About St. Laurence O'Toole
LAURENCE O'TOOLE 1128-1180
Lorcan O'Toole, whose name has been anglicized Laurence, was born near Castledermot, County Kildare. His father, Maurice, was a Leinster chieftain who in the course of time was reduced to a subordinate position by the encroachments of a rival great family, the MacMurroughs. The moment came when Maurice O'Toole was compelled to hand over to the MacMurroughs his youngest son, Laurence, aged ten, as hostage for his loyalty.
At first the boy was kept in the MacMurroughs' stronghold and treated like a member of the family. But when Maurice O'Toole again became suspect of what the MacMurroughs called treachery, Laurence was taken far away and imprisoned in a herdsman's hut 'in a desert, stony place,' where he was given barely enough food to keep him alive. Two years passed before his father's overtures to relieve him were successful. The abbot of Glendalough was appointed mediator between the two families and allowed to take the boy into sanctuary. When at last Maurice O'Toole arrived in Glendalough for Laurence, he announced somewhat portentously that he intended one of his four sons to enter religion and that he would draw lots to decide which of them it should be. At this, Laurence burst out laughing, for he had long been sure of his religious vocation. No lots had to be drawn.

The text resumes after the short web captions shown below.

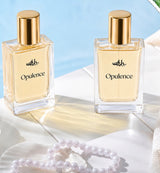 Two clear rectangular perfume bottles with gold caps and pale yellow liquid, labeled 'wrth Opulence,' arranged on a white surface with a pearl strand in the foreground and a soft blue background.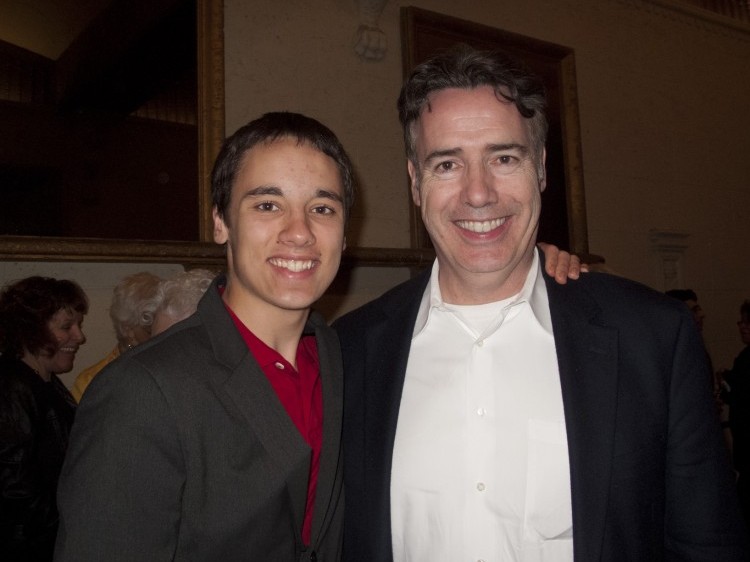 Mr. Harty and his son enjoy Shen Yun Performing Arts at the SHN Orpheum Theatre in San Francisco on March 22. (Alex Ma/The Epoch Times)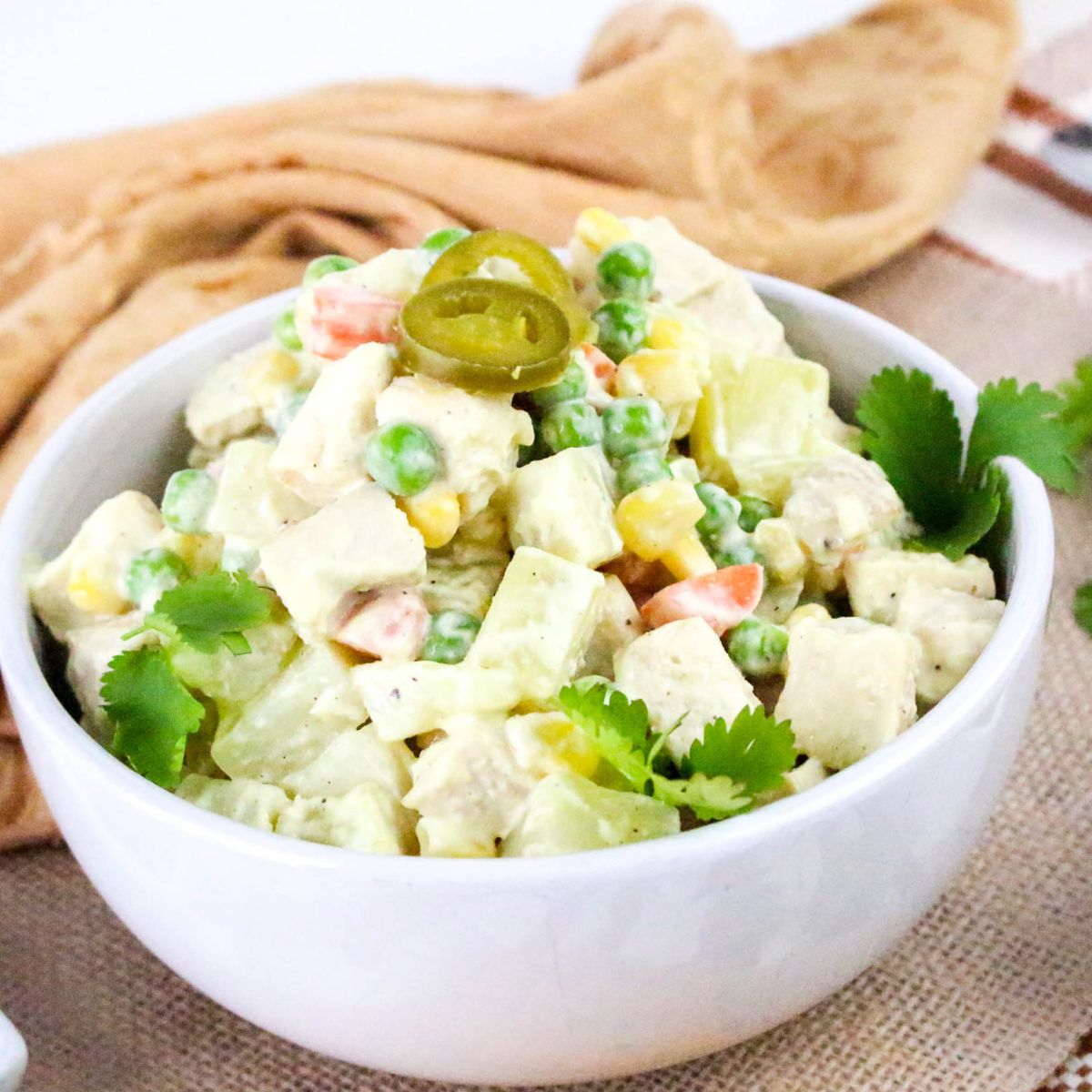 A white bowl filled with a mixed salad containing diced chicken, peas, corn, carrots, and potatoes in a creamy dressing, garnished with cilantro leaves and sliced jalapeño peppers. A tan cloth is in the background.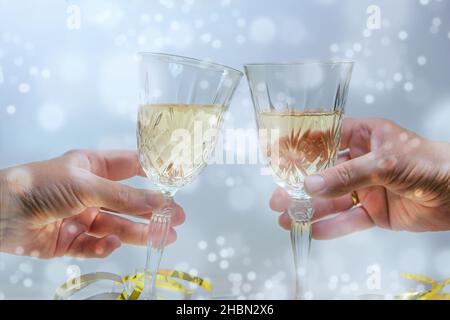 Zwei Hände toasten mit Sektgläsern auf einer Neujahrs- oder Weihnachtsfeier, heller schneebedeckter Hintergrund, ausgewählter Fokus, enge Schärfentiefe Stockfoto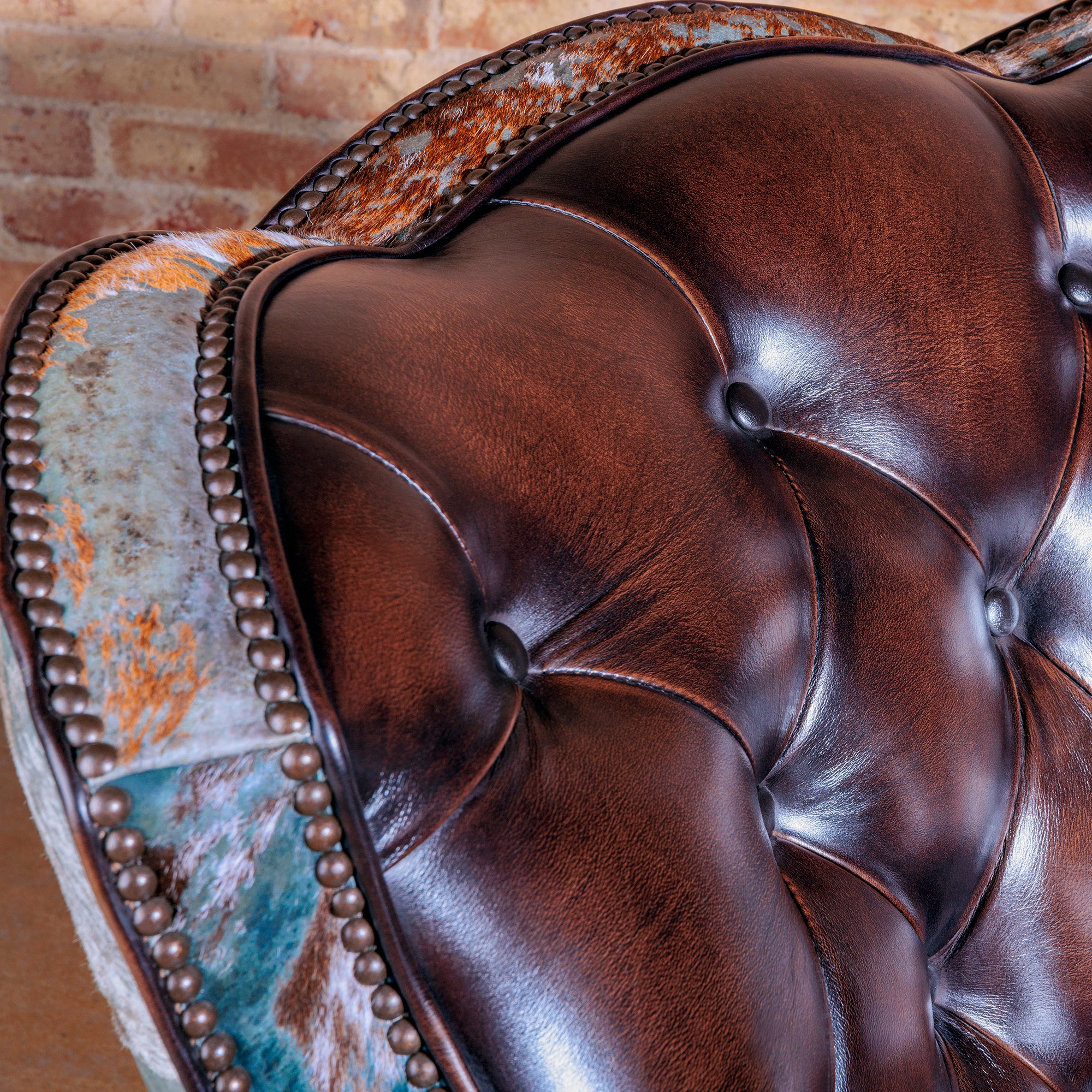 Luxury Western swivel chair with turquoise acid wash cowhide and tufted leather seat.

He remained in Glendalough and eventually became its abbot. When he was thirty-two, he was forced to leave this retreat on his appointment as archbishop of Dublin, the first native-born Irishman ever to fill that see. His elevation marked the end of Scandinavian domination in Dublin.
At a period when a precarious peace was being patched up between the MacMurroughs and the O'Tooles, Laurence's sister was given in marriage to Dermot MacMurrough. This classical villain of history treated her badly and later eloped with Dervorgilla, wife of Tiernan O'Rourke, prince of Breffni, an event commonly accepted as prelude to the Anglo-Norman invasion. Laurence was thus deeply implicated in the national disaster. He was at the storm centre of the conflict. When Dermot MacMurrough died, his daughter, Eva (who was Laurence O'Toole's niece), was married to Richard, earl of Pembroke, called 'Strongbow,' the leader of the invasion from England. The archbishop remained in Dublin through two sieges and a famine. During the first siege, he was actually negotiating peace terms with the Normans outside the gates, when some of the soldiers treacherously broke into the city and ran amok among the civilians. Ever the father of his people, Laurence had to rush from the peace talks to save the citizens from being massacred.

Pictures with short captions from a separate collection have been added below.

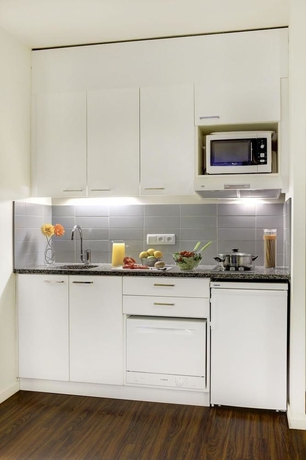 Imagen de la habitación del Hotel Citadines Sainte-catherine Brussels. Foto 7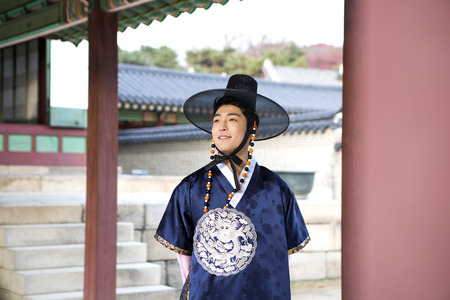 Young Asian man in Hanbok, Korean traditional clothes posing in Hanok, Korean traditional houseの写真素材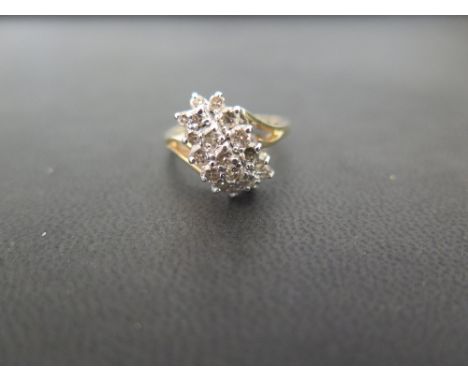 A brilliant-cut diamond cluster - With openwork asymmetric shoulders to the plain band - Stamped 14K - Ring size P - Weight a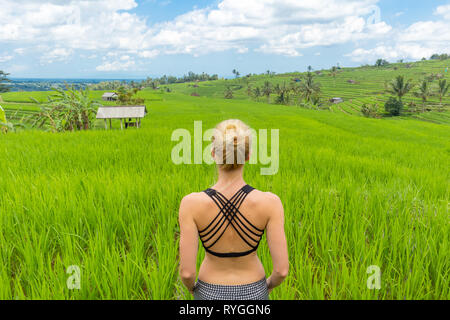 Rilassato e informale donna sportivo godendo di pura natura di splendidi e verdi risaie di Bali. Foto Stock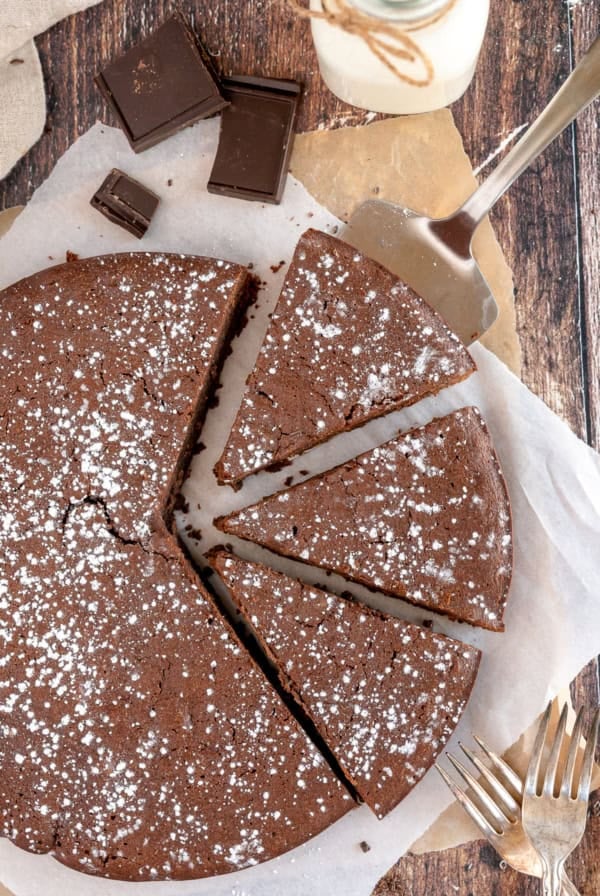 A spatula tucked under a slice of French Chocolate Cake.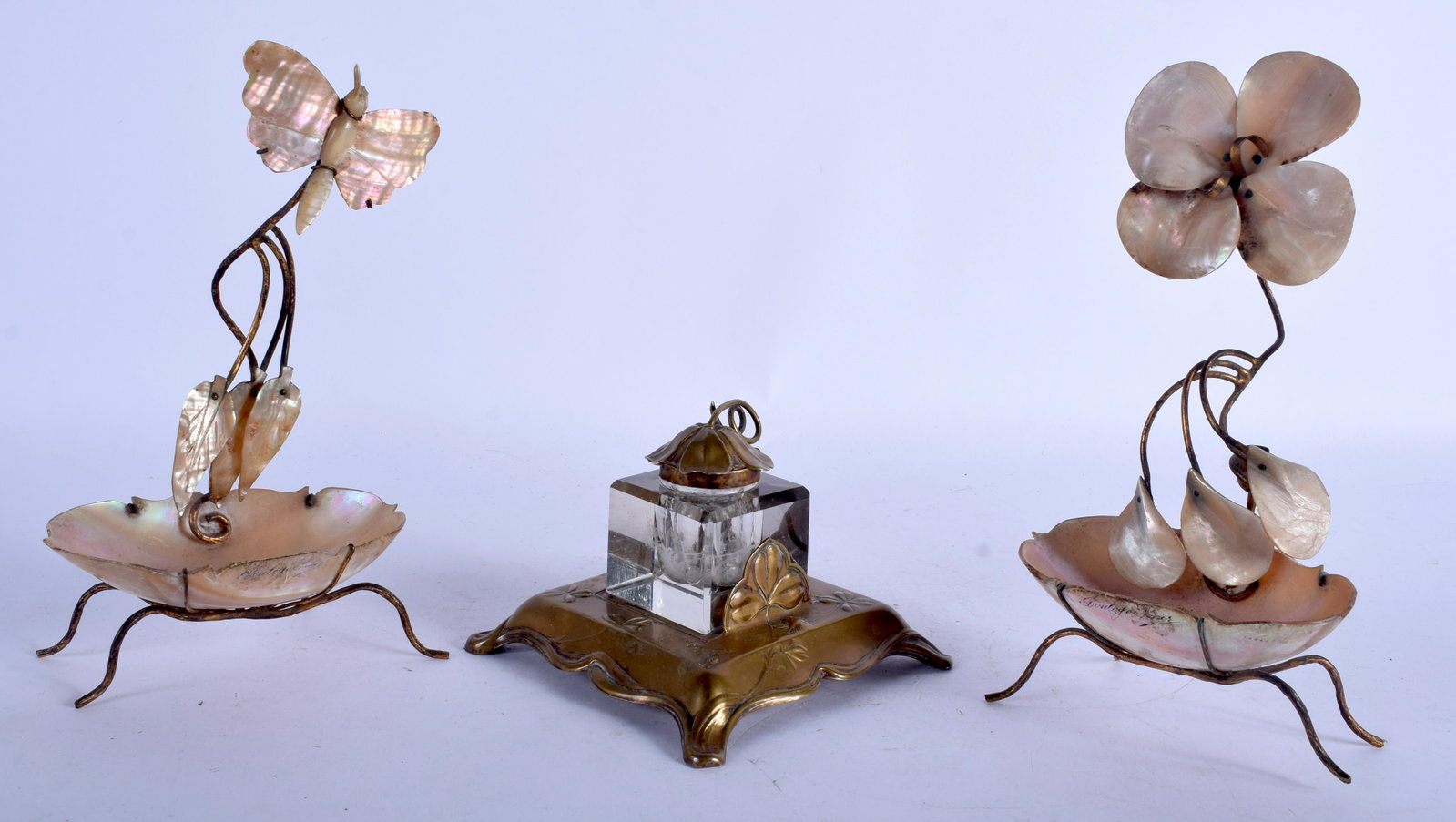 A FRENCH ART NOUVEAU BRASS INKWELL together with a pair: A FRENCH ART NOUVEAU BRASS INKWELL together with a pair of Palais Royale trinket dishes. 22 cm & 7 high. (3)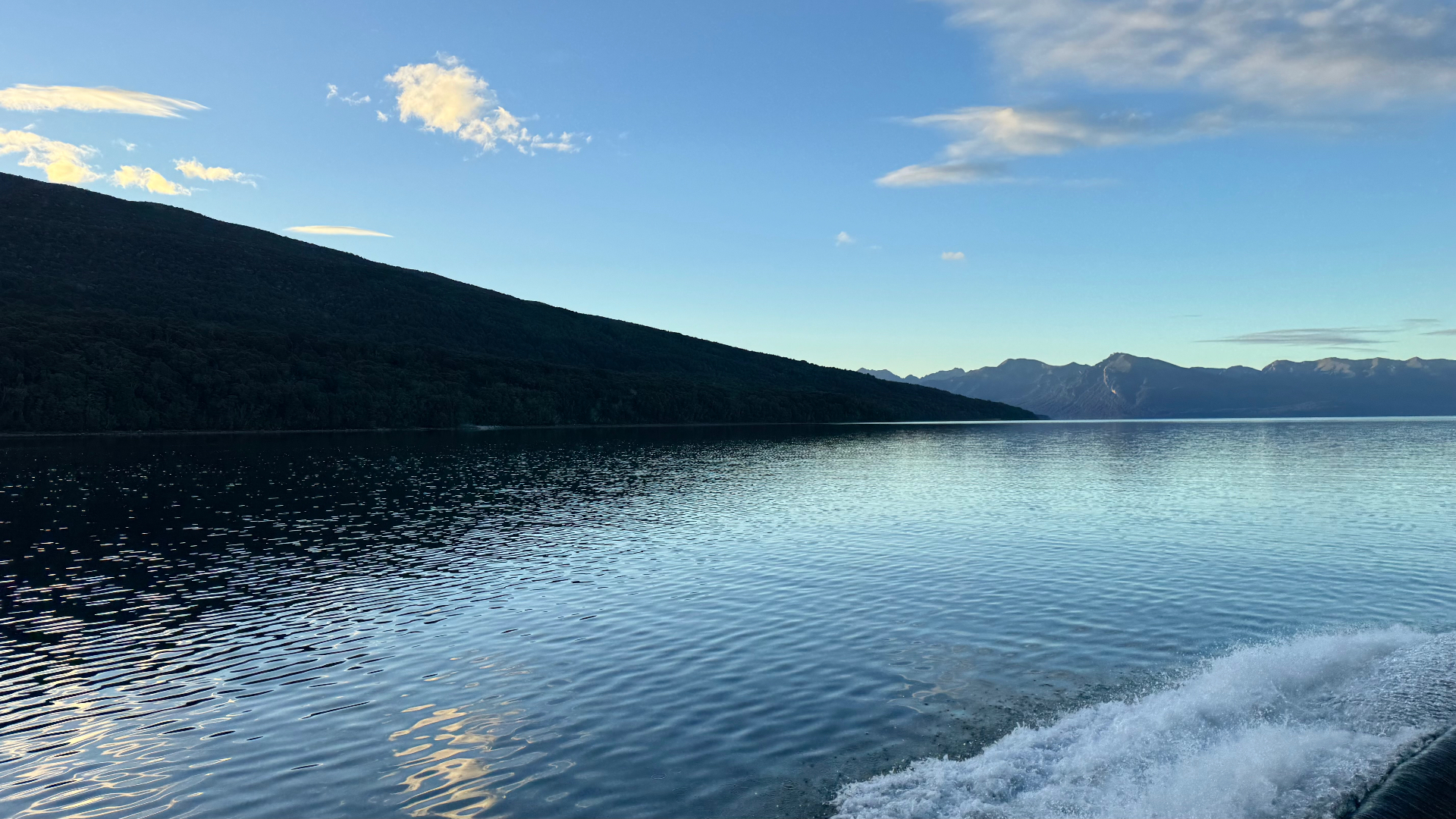 The wake of a boat crossing Lake Te Anau toward distant mountains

In all the subsequent vicissitudes of the Anglo-Norman invasion, Laurence kept steadfastly on the side of the Irish. He went twice to King Henry II as ambassador of peace. On his second embassy in 1180, Henry refused to see him in England, and Laurence followed the king to his court at Bures, near Bayeux, in Normandy. The weeks of strain and travel told heavily on the archbishop, and by the time he reached the abbey of St Victor at Eu, he was mortally ill. Someone suggested that he should make his will, and he answered: 'God knows, I have not a penny under the sun to leave anyone.' The plight of his people in Dublin troubled his death-bed and his last words revealed his thoughts: 'Alas, you poor, foolish people, what will you do now? Who will take care of you in your trouble? Who will help you?'
He was an ascetic. Even when archbishop, he continued to live in community as a canon regular of Arrouaise. He wore a hair shirt, never ate meat, and fasted every Friday on bread and water. But when he thought it his duty to entertain, nothing customary was lacking from his table, and he drank water colored to look like wine so as not to spoil the feast. To have had to leave Glendalough remained ever a personal sorrow. Every Lent he returned to that lovely valley to make a forty days' retreat in St Kevin's cave on a precipice of Lugduff mountain over the Upper Lake. He was thus the medieval link with the Celtic saints.
It was Ireland's good fortune that St Laurence O'Toole died abroad. His life was written shortly afterwards by a contemporary in Normandy, and thus his record was saved from the later upheavals in which so many precious Irish documents were lost. Fitting honor, too, was paid to his memory: a French sea port was called after him and a great Gothic church dedicated to him in Eu. Most significant of all, he was canonized only forty-five years after his death. One may safely assume that this would not have happened had he died in his own war-riven country.